** PROVIDED DATA **
======
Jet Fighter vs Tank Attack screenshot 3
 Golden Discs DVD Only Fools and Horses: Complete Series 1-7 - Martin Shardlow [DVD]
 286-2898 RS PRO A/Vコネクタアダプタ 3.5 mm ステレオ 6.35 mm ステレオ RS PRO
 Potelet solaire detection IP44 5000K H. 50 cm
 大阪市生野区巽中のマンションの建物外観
======
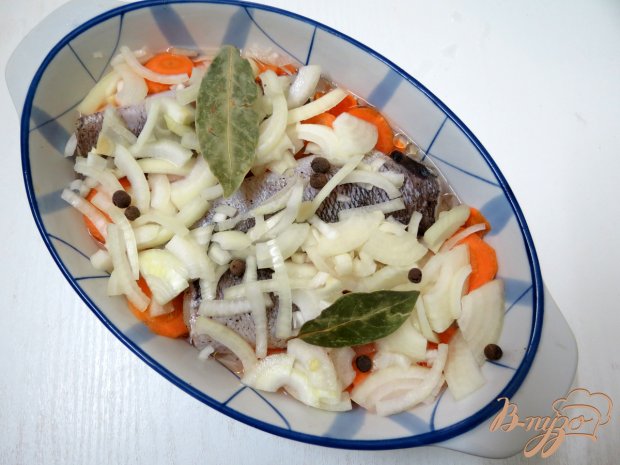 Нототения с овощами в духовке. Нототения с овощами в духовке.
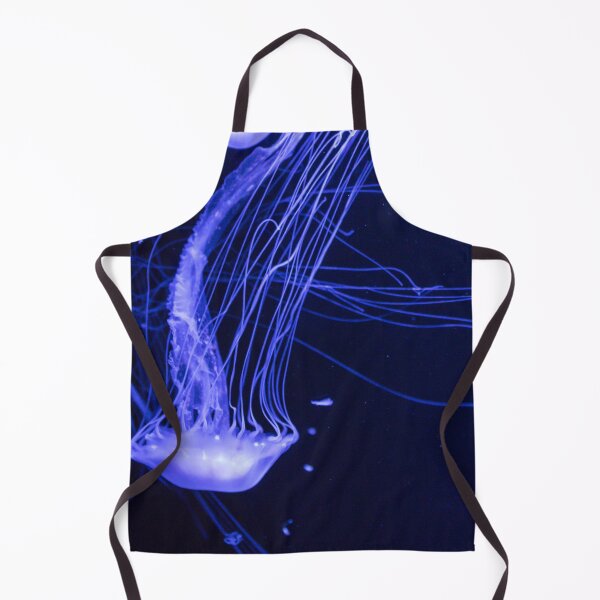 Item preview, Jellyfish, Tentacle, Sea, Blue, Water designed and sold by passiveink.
======
** HOW TO COMPLETE THIS TASK **
Taking the entries above, write out exactly each line from the one holding "Golden Discs DVD" to the one holding "大阪市生野区巽中のマンションの建物外観", both included, and stop there.

** SOLUTION TO THE PROBLEM **
 Golden Discs DVD Only Fools and Horses: Complete Series 1-7 - Martin Shardlow [DVD]
 286-2898 RS PRO A/Vコネクタアダプタ 3.5 mm ステレオ 6.35 mm ステレオ RS PRO
 Potelet solaire detection IP44 5000K H. 50 cm
 大阪市生野区巽中のマンションの建物外観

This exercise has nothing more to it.